**Directions for this task**. Print the data that follows exactly, leaving nothing out.

**Data provided**.
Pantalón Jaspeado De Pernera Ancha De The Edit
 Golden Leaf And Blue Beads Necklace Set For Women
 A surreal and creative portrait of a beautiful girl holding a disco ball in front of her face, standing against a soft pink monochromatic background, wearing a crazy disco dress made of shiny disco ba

**Result of this task**.
Pantalón Jaspeado De Pernera Ancha De The Edit
 Golden Leaf And Blue Beads Necklace Set For Women
 A surreal and creative portrait of a beautiful girl holding a disco ball in front of her face, standing against a soft pink monochromatic background, wearing a crazy disco dress made of shiny disco ba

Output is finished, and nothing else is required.